Data below:
^^^^^^^^
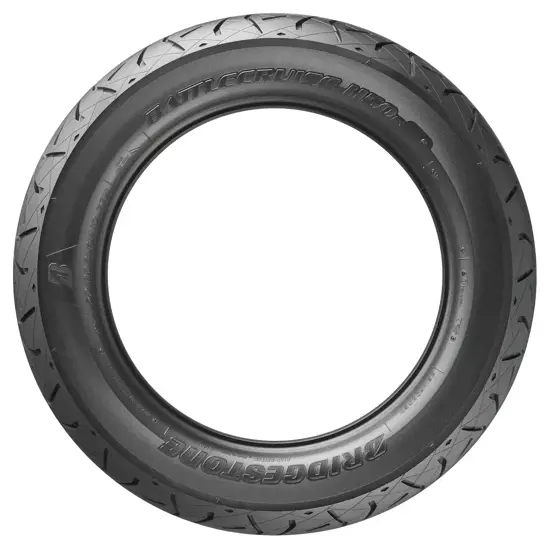 Bridgestone 160 70 B17 73V Battlecruise H50 Rear UM M C 15211269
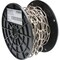 Campbell No.10 40 ' Brushed Nickel Finished Metal Craft Chain 722010 - alternate 2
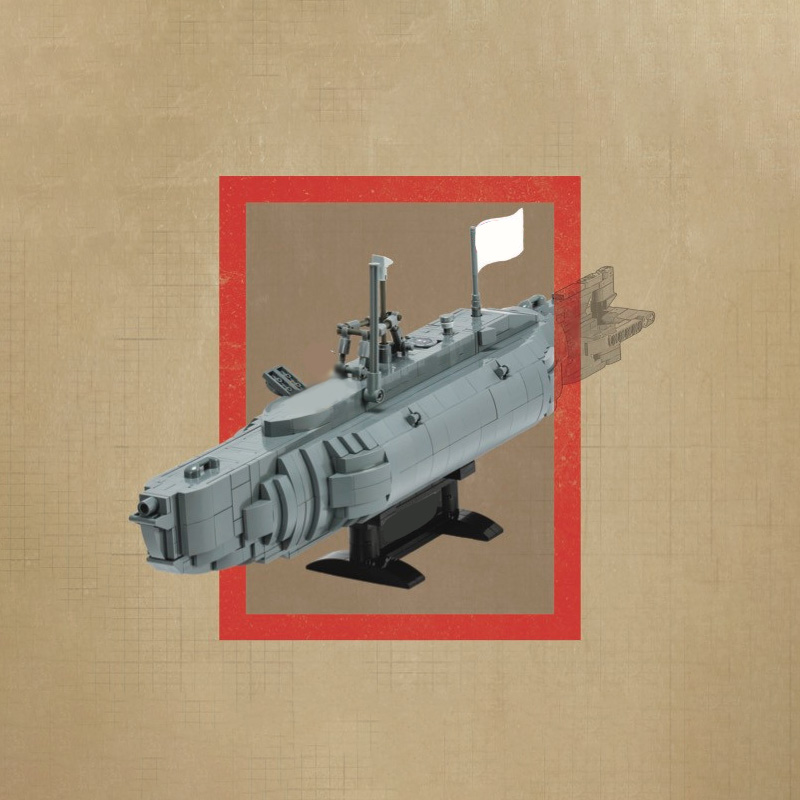 Military Heavy X-Craft Model M - Heavy Equipment Battery ulasan dan harga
^^^^^^^^
Task item: Copy every line of the listing above exactly. Leave each picture out.

Result:
 Bridgestone 160 70 B17 73V Battlecruise H50 Rear UM M C 15211269
 Campbell No.10 40 ' Brushed Nickel Finished Metal Craft Chain 722010 - alternate 2
 Military Heavy X-Craft Model M - Heavy Equipment Battery ulasan dan harga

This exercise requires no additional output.